#### [About this exercise]
In your copy of the data below, reproduce every entry exactly and omit the pictures.

#### [Given records]
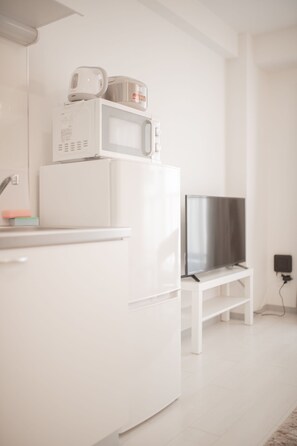 Fridge, microwave, stovetop, rice cooker - HATCH NAGAHORI 8th FLOOR (Osaka)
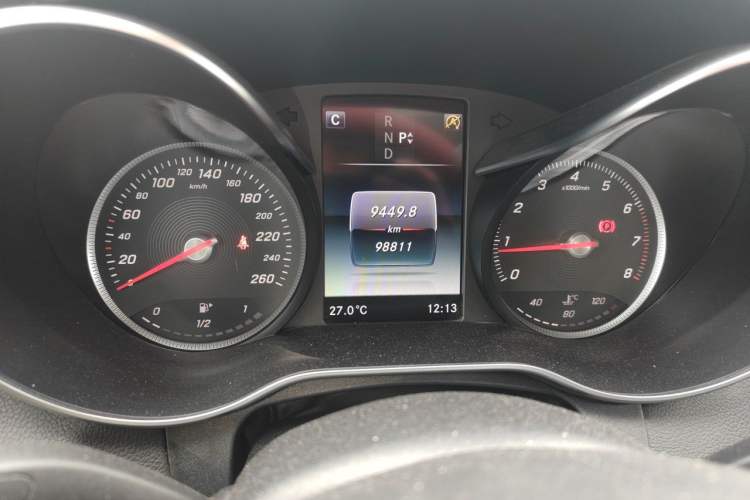 Used Mercedes-Benz C-Class 2018 C 200 L Sport Edition Odometer Close Up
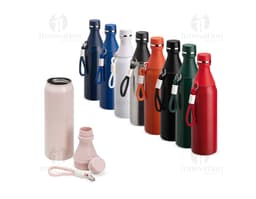 Garrafa térmica de 500ml em plástico transparente, com tampa. Perfeita para armazenar líquidos como água, sucos ou chás.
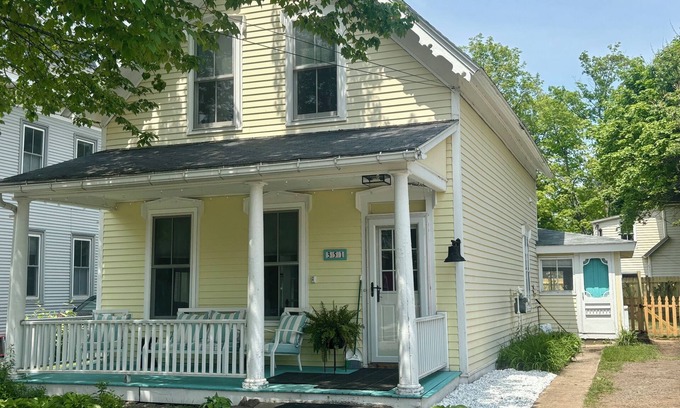 Marquette House | Spacious updated home near Lake Superior walk to restaurants, breweries, beach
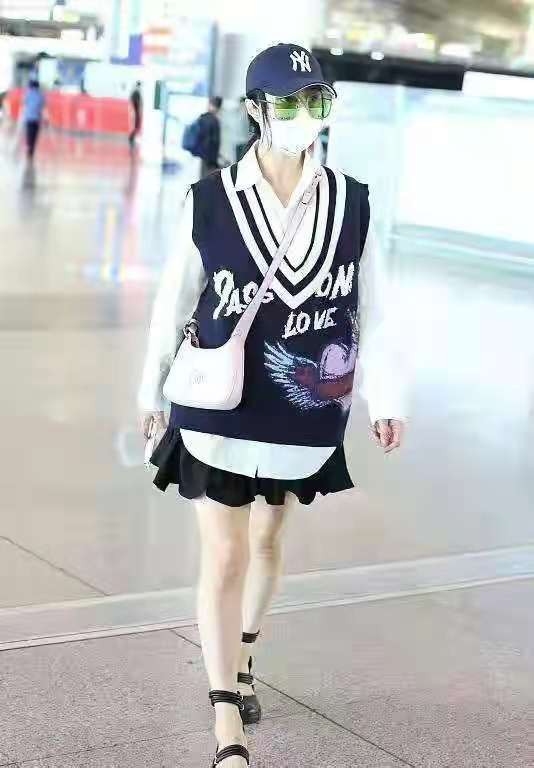 时尚风行派|范冰冰机场穿搭又出新花样！走学院风秀少女心，露出肌肉腿也不怕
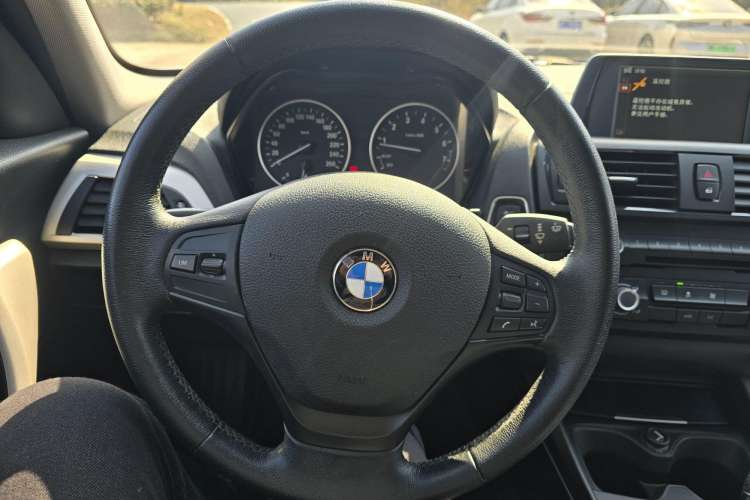 Used BMW 1 Series 2013 Revised 116i Leading Edition Interior 1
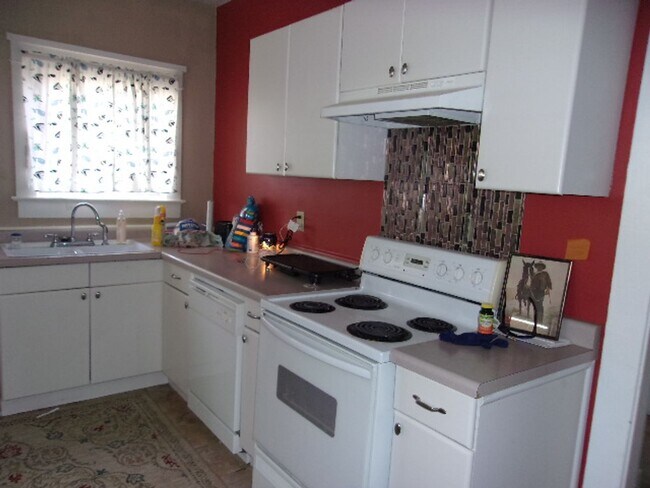 Building Photo - 234 W 400 N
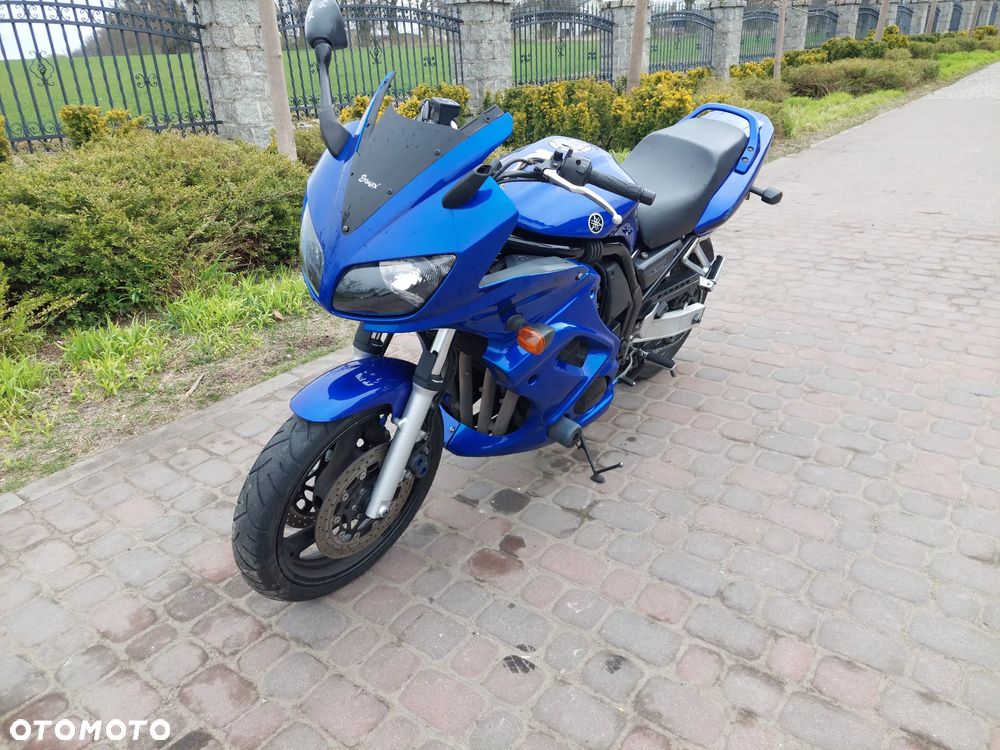 Yamaha FZ6 - 1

#### [Answer for this exercise]
 Fridge, microwave, stovetop, rice cooker - HATCH NAGAHORI 8th FLOOR (Osaka)
 Used Mercedes-Benz C-Class 2018 C 200 L Sport Edition Odometer Close Up
 Garrafa térmica de 500ml em plástico transparente, com tampa. Perfeita para armazenar líquidos como água, sucos ou chás.
 Marquette House | Spacious updated home near Lake Superior walk to restaurants, breweries, beach
 时尚风行派|范冰冰机场穿搭又出新花样！走学院风秀少女心，露出肌肉腿也不怕
 Used BMW 1 Series 2013 Revised 116i Leading Edition Interior 1
 Building Photo - 234 W 400 N
 Yamaha FZ6 - 1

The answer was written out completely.